# Help setting up a Bitzenburger



## estoppel101 (Dec 5, 2007)

I am looking into fletching my own arrows and have decided to get the Bitzenburger. I currently shoot arrows that have straight vanes so I figure I will get a straight Bitzenburger jig. However, I want to experiment with other types of fletching and have some extra gift cards left over.

I have several questions I was hoping to find some answers to:

1. If I buy the Bitz with a straight clamp and want to change to right or left helical eventually, do I have to get a new knock receiver to match the helical or just the clamp?

2. If I don't have to get a new knock receiver, then what the he** are the other knock receivers used for? Right Helical and Left Helical?

3. What does TM mean? I see there are Straight, Right Helical and Left Helical receivers and there are TM Straight, TM Right Helical and TM Left Helical receivers. My head is spinning and the Bitz website is not too helpful.

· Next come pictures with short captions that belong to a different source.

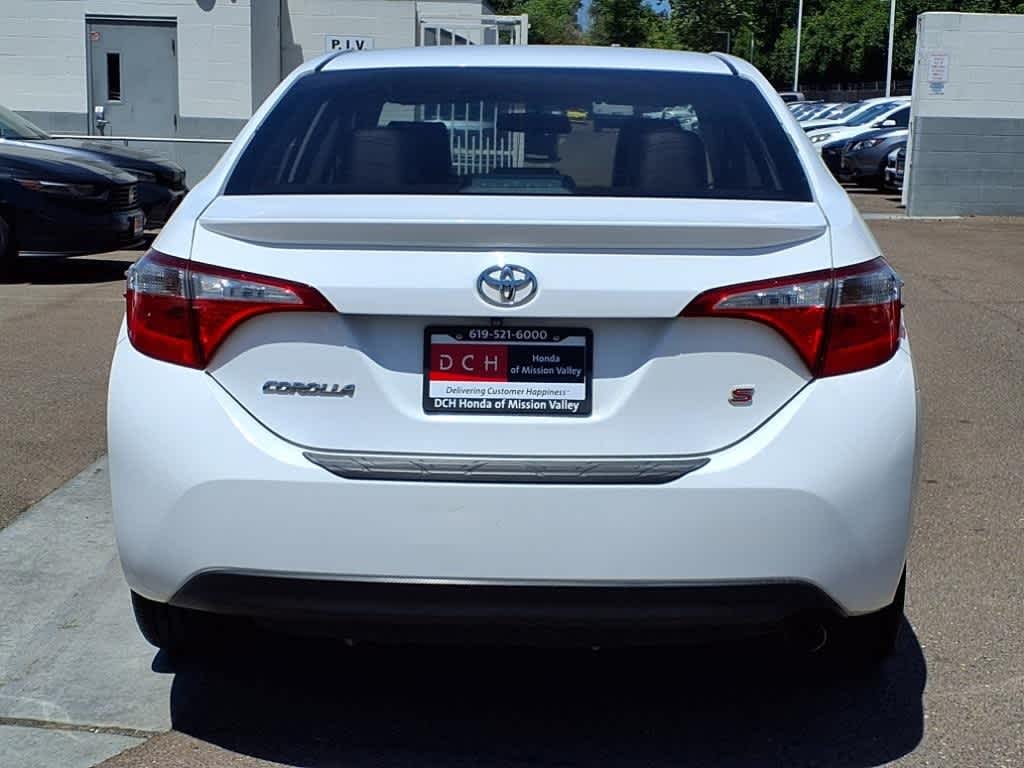 Thumbnail: 2016 Toyota Corolla - 5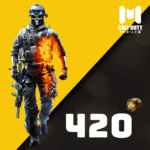 420 CP - Call Of Duty Mobile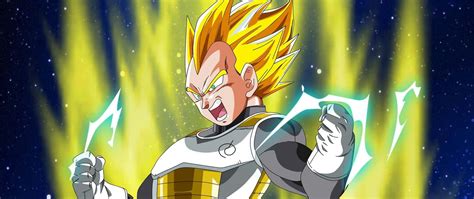 7 Ways Vegeta Unleashes His New Form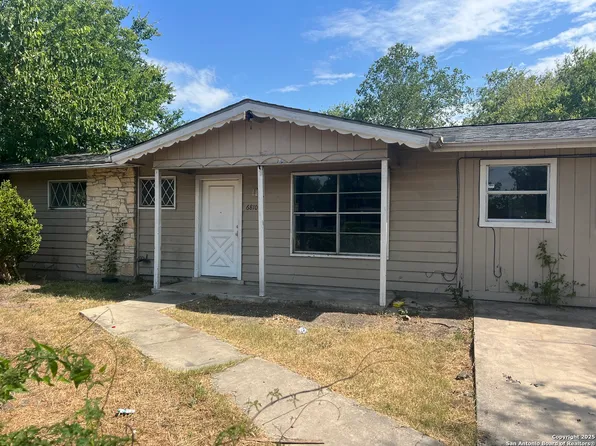 6810 Marimba, San Antonio, TX 78227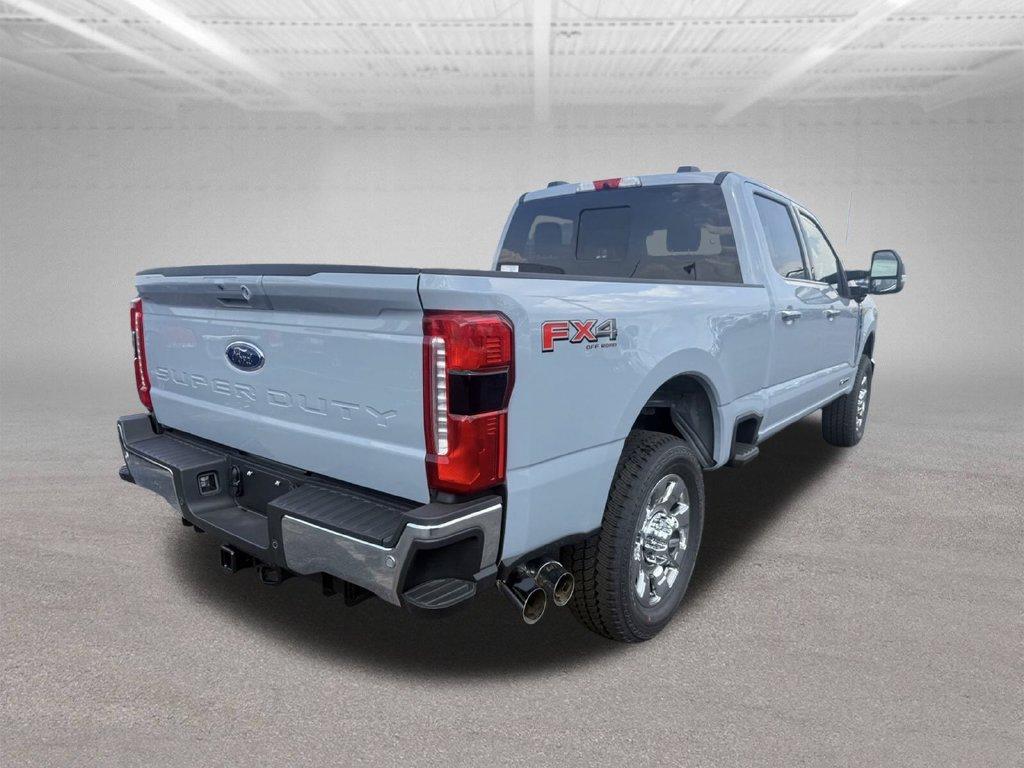 2026 FORD F-250 LARIAT — миниатюра 3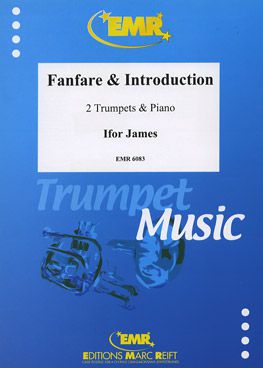 copertina Fanfare And Introduction Marc Reift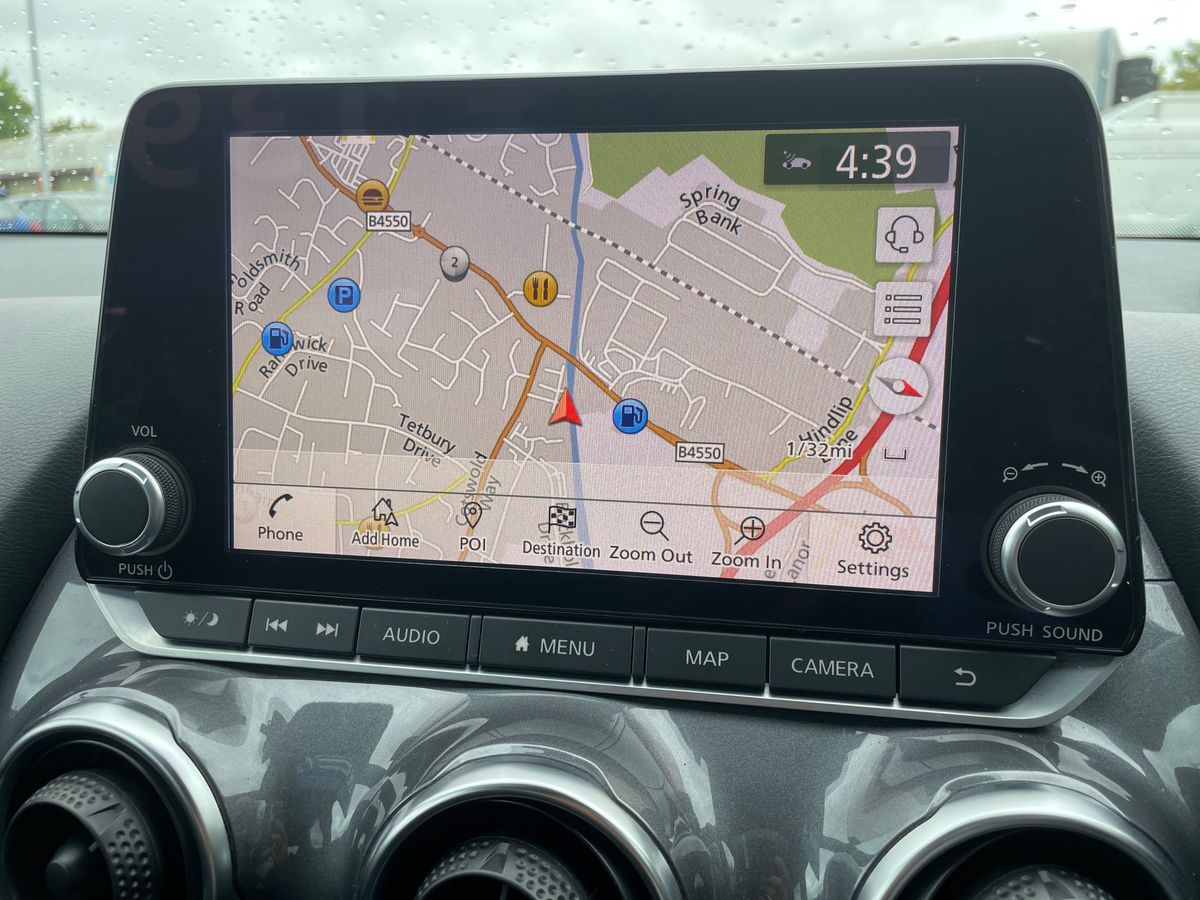 Used Nissan Juke 2023 for sale - 76183838: Photo 18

Any help would be greatly appreciated. Thanks.


----------



## arrowshooters (Jun 5, 2006)

1) No, you do not need a new nock receiver. 

2) The additional nock receivers are for more options for orientation on the shaft other than the three provided for already.

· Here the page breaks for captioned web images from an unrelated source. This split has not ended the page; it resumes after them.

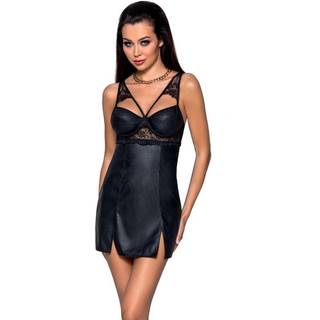 Passion Loona Chemise Black L/XL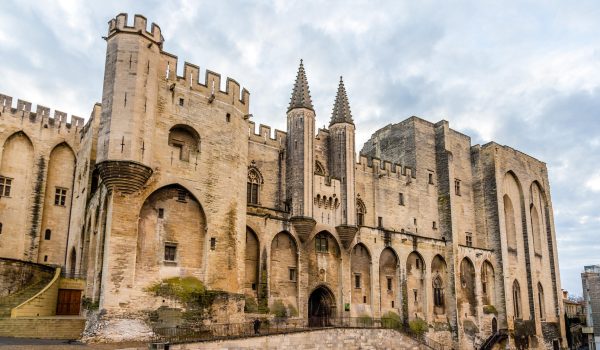 Avignon - Palais des Papes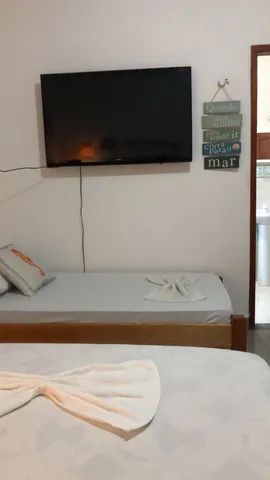 Lindo Chalé de 2 quartos com 2 suítes na praia do Atalaia - Salinas/PA - Foto 10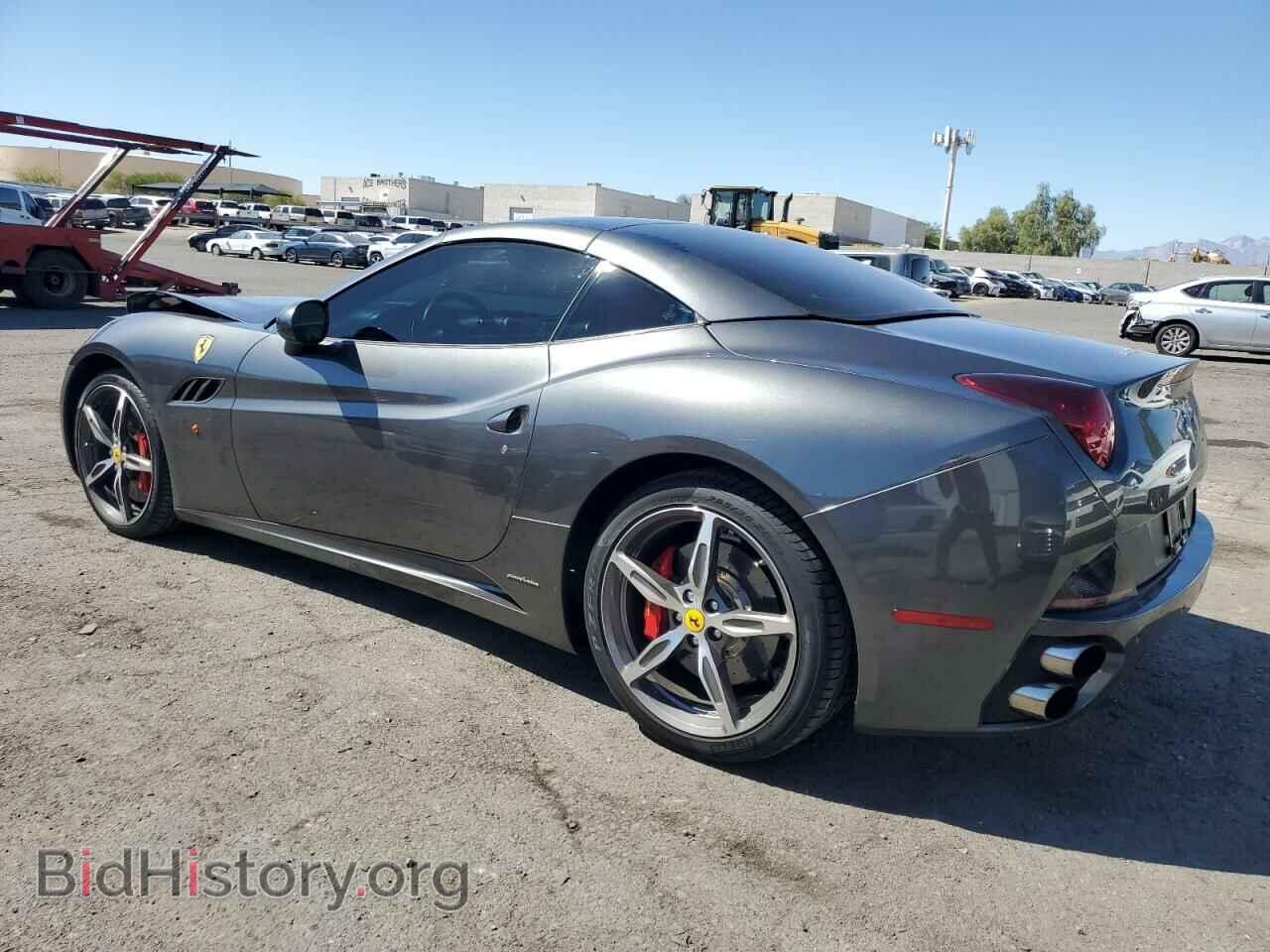 2014 FERRARI ALL MODELS - VIN: ZFF65TJA4E0202028 - Фото 2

3) Have no idea what "TM" means, cannot find it on their site.

Best advise I can give is to make sure that when you are adjusting for the "off-set" you get full contact between the vane and the shaft.


----------



## estoppel101 (Dec 5, 2007)

*Good Stuff*

Thanks, I appreciate the info which no doubt will save me some cha-change.

I did find out that TM receivers are used for TM type arrow rests which require cock vane down. I don't know what TM stands for but TM rests are shoot through, prong style rests. TM will work for me because I shoot cock vane up with my trophy taker.

Thanks again,


----------



## CCArrows (Mar 29, 2006)

I am sorry, but I must disagree with Arrowshooters. I have been using a Bitz for years. Doing both straight and helical fletching. My experience has been that if you do not use the matching nock receiver, the Bitzenburger cannot be adusted properly. The base of the vane or feather will not lie correctly on the arrow shaft causing gapping glue lines or poor attachment of the fletching.


----------



## estoppel101 (Dec 5, 2007)

*Good point*

Thanks CCArrows,

I figured that Bitz made the receivers for a particular reason but had locally heard both points of views on the issue.

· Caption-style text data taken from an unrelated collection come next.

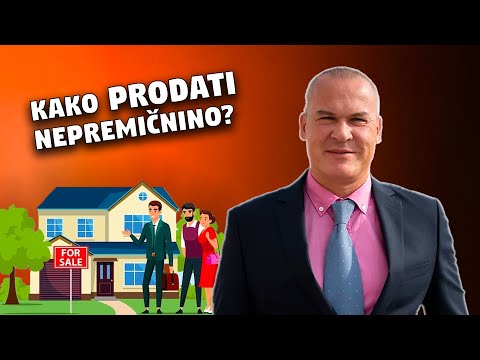 Kakšen je postopek prodaje nepremičnine?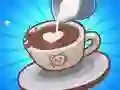 Xogo Cute Cat Coffee en liña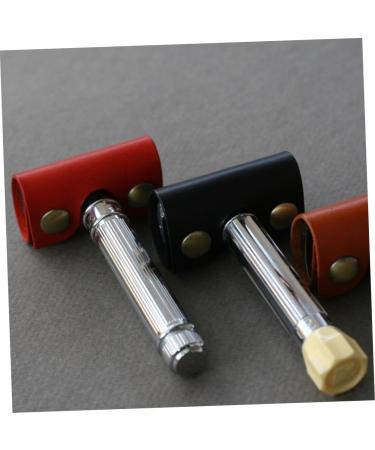 FRCOLOR 9 STK Razor Fall Hobel Safety Parts | Flamingo Razor Accessories & Synthetic Leather Covers - International Shipping Available - Buy Online on GoSupps.com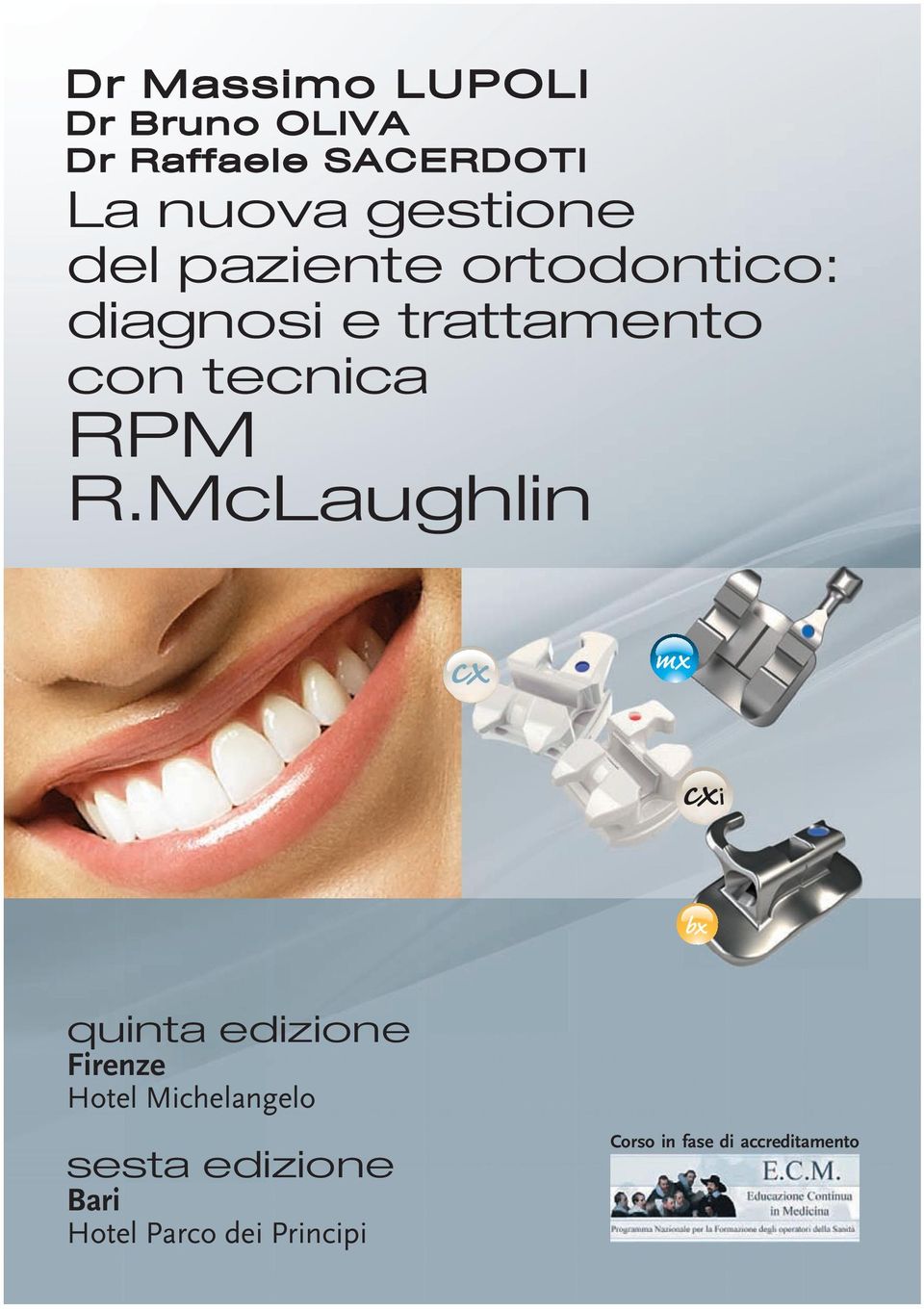 tecnica RPM R.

I am knew to the advanced archery issues and no opinion goes unappreciated.


----------



## AKRuss (Jan 10, 2003)

The reason for different nock receivers is to orient the nock to the particular type of fletching (r/l helical, straight.) With press-in nocks, this is not much of an issue as you can simply rotate the nock to the desired position. I use to overcome this with aluminum arrows and glue-on nocks by simply doing a friction fit with no glue and then glueing the nocks at the desired position after they were fletched up. If you rotate the nock, you loose the ability to precisely refletch a single feather. The clamp and jig are the same whichever nock receiver you use and has no effect on the quill's orientation to the shaft. I've never seen or heard of a TM nock but then I haven't bought any new Bitzys in quite a while. Someone in another thread talked about an adjustable nock which is a neat idea but I've never seen one of them either. 

I believe you'll find that changing clamp types is no small thing as it takes a bit of tweaking to get things just right. I find helical fletching especially difficult to get the best fit. I found it easier and less frustrating to simply get jigs in the styles I prefer and have both straight left off-set and left helical. These jigs have the proper receivers and I still rotate the nocks to where I want them, LOL. They are spendy little things and I added a jig here and there over several years to get what I have. 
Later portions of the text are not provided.